I was under the impression that (after you have divided through by all common factors) if "=0"appears and ="1" doesn't, there is no solution

which seems to be indicated here:



but somehow...

answer: 465

f(1) = 21x + 3
f(2) = 23x + 5

21m - 23n = 2

* 21 divides into 23 = 1 r 3
Well, no. 23- 21= 2, not 3.

23 - 21 = 3


* 3 divides into 21 = 7 r 0

21 - 7(3) = 0

now obviously

7(23) - 8(21) = 0

?

so how do you get from

7(23) - 8(21) = 0 to the actual answer which is 20(23) - 22(21) = 2


Thanks in advance
 
HallsofIvy said:
Well, no. 23- 21= 2, not 3.

*brain fart*

in that case I'm done, thanks for all of your help :)
 
hello, sorry to trouble you again, I thought this was all done and dusted

I've since written an algorithm, but it came across a problem when it came to this (btw: answer is: 210, or 14(15) - 11(19) = 1 )


f(1) = 15x
f(2) = 19x + 1


15n - 19m = 1.


* 15 divides into 19 once with remainder 4:
19-15 = 4

* 4 divides into 15 thrice with remainder 3
15 - 3(4) = 3

* finally 4 divides into 3 once with remainder 1
4 - 3 = 1


----------------------

* if we replace the 3 in [4 - 3] with [15-3(4)] we get

4 - 15-3(4) = 1 or:

4(4) - 15 = 1

* if we replace the 4 in [4(4) - 15] with [19-18] we get

4(19) - 4(15) - 15 = 1 or

4(19) - 5(15) = 1

n = 4, m = 5 which would be correct if it where 15x + 1 and 19x

where have I gone wrong?

thanks in advance :)
 
spikenigma said:
hello, sorry to trouble you again, I thought this was all done and dusted

I've since written an algorithm, but it came across a problem when it came to this (btw: answer is: 210, or 14(15) - 11(19) = 1 )


f(1) = 15x
f(2) = 19x + 1


15n - 19m = 1.


* 15 divides into 19 once with remainder 4:
19-15 = 4

* 4 divides into 15 thrice with remainder 3
15 - 3(4) = 3

* finally 4 divides into 3 once with remainder 1
4 - 3 = 1


----------------------

* if we replace the 3 in [4 - 3] with [15-3(4)] we get

4 - 15-3(4) = 1 or:

4(4) - 15 = 1

* if we replace the 4 in [4(4) - 15] with [19-18] we get

4(19) - 4(15) - 15 = 1 or

4(19) - 5(15) = 1

n = 4, m = 5 which would be correct if it where 15x + 1 and 19x

where have I gone wrong?

thanks in advance :)

Look back at your original equation: you wanted to solve 15n - 19m = 1. You have instead 4(19)- 5(15)= 1. The numbers are reversed. You need to write (-5)(15)- (-4)(19)= 1. Your solutions are n= -5 and m= -4. If you want, say, the smallest positive solution, use the fact that, for any integer k, n= -5+ 19k, m= -4+ 15k is also a solution.

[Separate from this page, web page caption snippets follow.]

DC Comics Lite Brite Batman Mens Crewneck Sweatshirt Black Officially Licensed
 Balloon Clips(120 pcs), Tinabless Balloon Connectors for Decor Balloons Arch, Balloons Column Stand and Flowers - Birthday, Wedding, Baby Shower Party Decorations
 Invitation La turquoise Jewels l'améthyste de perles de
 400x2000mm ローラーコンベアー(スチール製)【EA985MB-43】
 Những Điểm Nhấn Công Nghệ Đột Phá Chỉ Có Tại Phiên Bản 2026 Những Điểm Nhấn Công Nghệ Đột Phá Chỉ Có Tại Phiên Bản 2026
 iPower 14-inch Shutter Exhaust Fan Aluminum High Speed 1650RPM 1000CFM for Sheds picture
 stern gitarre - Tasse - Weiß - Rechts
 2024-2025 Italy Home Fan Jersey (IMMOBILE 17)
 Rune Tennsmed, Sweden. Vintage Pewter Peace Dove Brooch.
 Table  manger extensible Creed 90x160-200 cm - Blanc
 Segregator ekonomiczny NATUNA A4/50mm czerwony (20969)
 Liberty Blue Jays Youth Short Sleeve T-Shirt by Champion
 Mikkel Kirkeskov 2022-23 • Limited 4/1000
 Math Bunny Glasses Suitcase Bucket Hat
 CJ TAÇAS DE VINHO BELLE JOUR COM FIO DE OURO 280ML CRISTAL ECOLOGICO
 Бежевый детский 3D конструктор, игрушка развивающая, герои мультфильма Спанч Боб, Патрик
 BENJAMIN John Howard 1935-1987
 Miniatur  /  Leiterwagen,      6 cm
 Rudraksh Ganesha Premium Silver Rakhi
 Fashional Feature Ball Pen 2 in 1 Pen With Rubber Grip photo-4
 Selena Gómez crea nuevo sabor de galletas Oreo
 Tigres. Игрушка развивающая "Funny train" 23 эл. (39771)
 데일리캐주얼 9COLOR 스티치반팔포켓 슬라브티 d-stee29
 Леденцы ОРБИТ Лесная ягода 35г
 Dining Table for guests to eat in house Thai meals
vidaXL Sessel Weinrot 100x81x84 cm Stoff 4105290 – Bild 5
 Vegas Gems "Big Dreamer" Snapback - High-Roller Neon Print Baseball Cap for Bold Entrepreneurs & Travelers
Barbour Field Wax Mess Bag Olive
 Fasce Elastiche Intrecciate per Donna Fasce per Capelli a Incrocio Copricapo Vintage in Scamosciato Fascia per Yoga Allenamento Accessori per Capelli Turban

(Do you see what happens if you replace n and m by those in the equation? 15n- 19m becomes 15(-5+ 19k)- 19(-4+ 15k)= (-5)(15)- (-4)(1)+ (15)(19k)- (19)(15k) and the terms involving k cancel.)

Taking k= 1, n= -5+ 19= 14, m= -4+ 15= 11. f1(14)= 15(14)= 210, f(11)= 19(11)+ 1= 209+ 1= 210.